Fazer o que? Tudo que eu queria ouvir agora era um por que eu fiz isso, se eu gostava dele, se eu estava abalada, ou pelo menos como eu estava me sentindo. Eu estava muito arrependida e só queria a minha vida de volta mas, minha mãe não queria me ouvir. Ela simplesmente queria ficar sozinha. Ela precisava de apoio para lidar com essa notícia, mas ela tinha uma melhor amiga e um marido para dar esse apoio.

Não julgo minha mãe, não foi fácil pra ela. Mas pra mim, não estava sendo fácil ao quadrado, pois eu não tinha nenhum apoio, nenhum porto seguro, nada. Após alguns dias, ela decidiu que ia na escola conversar com o menino e os pais dele, no caso, aqui estamos falando do primeiro menino em que eu (quase) perdi a minha virgindade. Ela queria saber como a filha dela caiu naquela armadilha, queria me proteger. Mas eu temia que ela descobrisse as coisas piores que estavam acontecendo.
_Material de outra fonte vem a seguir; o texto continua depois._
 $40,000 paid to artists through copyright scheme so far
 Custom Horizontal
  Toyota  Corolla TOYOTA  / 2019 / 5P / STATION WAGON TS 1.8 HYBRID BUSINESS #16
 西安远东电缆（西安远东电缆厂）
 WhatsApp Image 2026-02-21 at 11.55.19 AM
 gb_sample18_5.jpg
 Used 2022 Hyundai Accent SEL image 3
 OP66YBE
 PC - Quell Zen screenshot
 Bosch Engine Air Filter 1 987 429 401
E ela descobriu. Ao chegar na escola para saber de tudo, a diretora disse que já queria conversar com ela mesmo. Minhas notas estavam indo de mal a pior, eu só tinha notas vermelhas ou no máximo na média, e tudo para ficar transando com qualquer um. Ela disse que a culpa de tudo que estava acontecendo era única e exclusivamente minha e que o menino não tinha nada a ver, afinal fui eu quem fui atrás dele. E o pior é que ela estava certa.

Após isso a diretora me chamou junto com ele para entender melhor a situação, ele falou e ela não me deixou abrir a boca para falar sequer uma palavra. Disse que minha mãe estava indo na escola cheia de autoridade tratar de problemas que eram de minha autoria e que o menino não merecia estar passando por aquilo. E ele não merecia mesmo, eu concordo com ela. Todos aqueles pensamentos rodeavam a minha mente, e eu estava cada vez mais no fundo desse buraco, como se eu estivesse cavando minha própria cova, cada vez mais funda e não tinha pra onde correr.
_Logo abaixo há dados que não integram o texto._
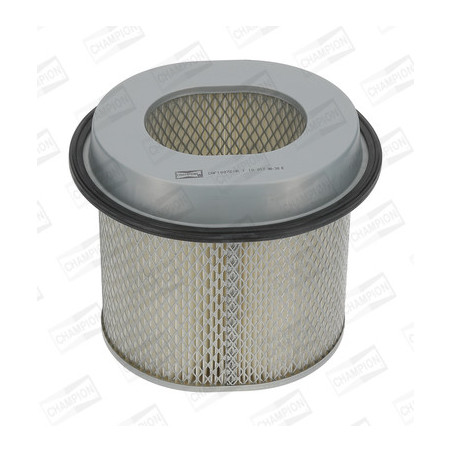 Filtre à air CHAMPION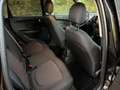 MINI One Countryman Mini One Countryman Aut. Black - thumbnail 13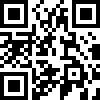 https://isna.ir/xdNMjM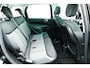 Fiat 500L 0.9 TwinAir Lounge 1-Eig. Panodak, Clima, Cruise, 16"LMV, Trekhaak 1000kg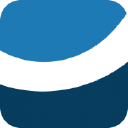 University Health Alliance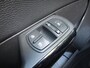 Opel Corsa 1.2-16V Cosmo 2012 Airco Automaat NAP! APK!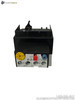 Eaton ZB65-40 XT0B040DC1 Overload Relay View 3
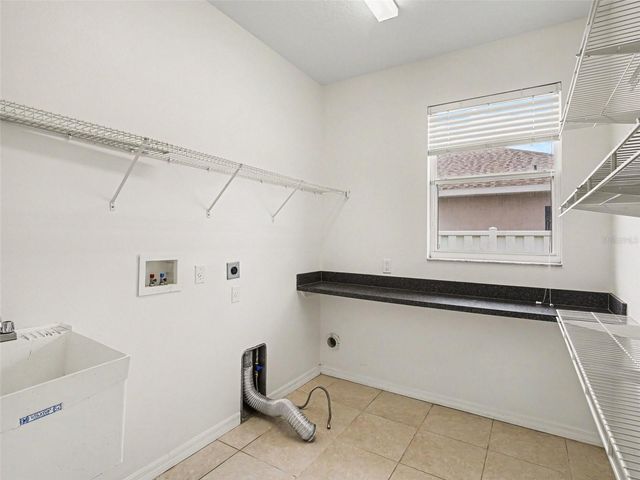535 PLANTERS MANOR WAY, Bradenton, FL 34212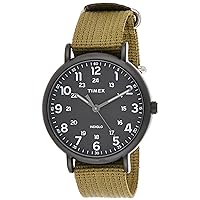 Mua timex Expedition Gallatin Watch hàng hiệu chính hãng từ Mỹ giá tốt.  Tháng 2/2023 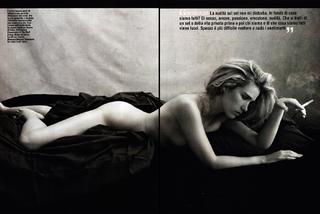 Vahina Giocante feet photo 18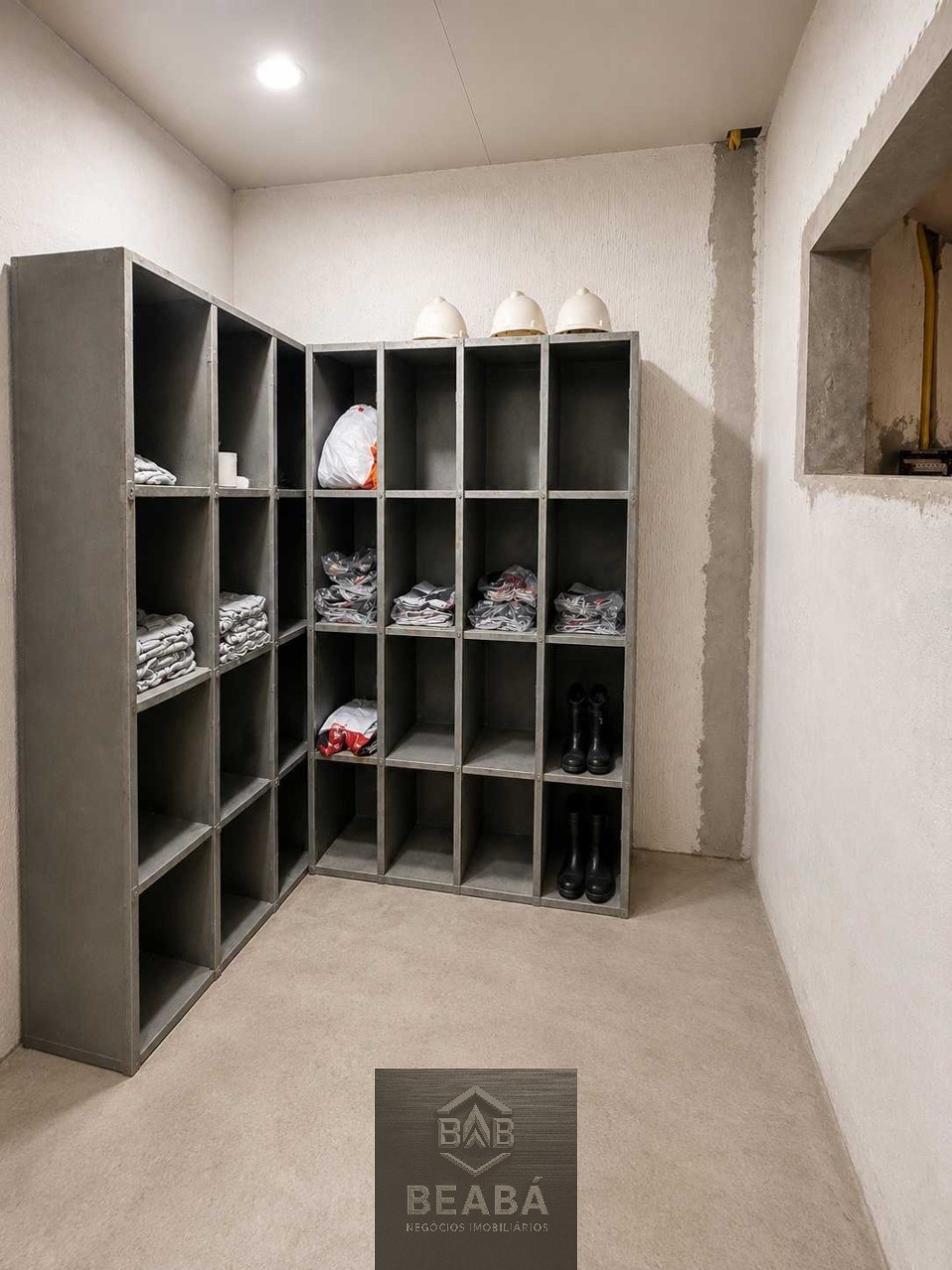Prédio Inteiro, 460 m² - Foto 6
Tinha um menino muito especial, que foi o único que apesar de tudo isso, continuou ficando comigo. O nome dele era Andrew. Agora pelo menos eu tinha uma esperança, ele me ouvia, perguntava como eu estava me sentindo. Queria também fazer sexo comigo mas, eu sentia que ele se importava de verdade comigo. Ele valia a pena de verdade.
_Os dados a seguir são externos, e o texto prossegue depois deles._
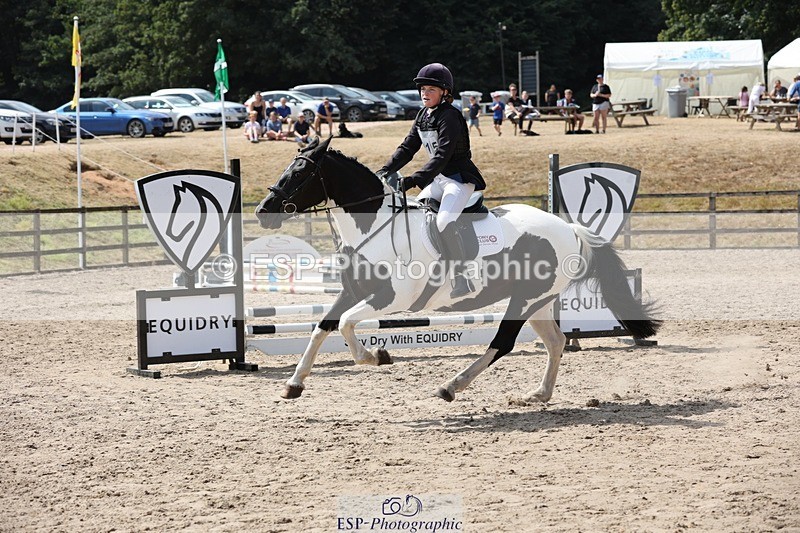 250821A-134753-16747 - NAF Round 1 12.30 to End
Ao chegar em casa, meu irmão contou para minha mãe que uma semana antes eu tinha levado um amigo pra fazer um trabalho de escola e rapidamente minha mãe já percebeu que tinha um segundo na jogada, então tinha algo errado ali. Ela me perguntou e eu neguei, ela já sabia de um, pra que se preocupar com o segundo? ela não precisava saber da vergonha que eu passei por ser amante. Já era humilhação demais pra mim e eu sabia o que ela pensava sobre amantes já que meu primeiro pai tinha muitas amantes enquanto era casado com ela.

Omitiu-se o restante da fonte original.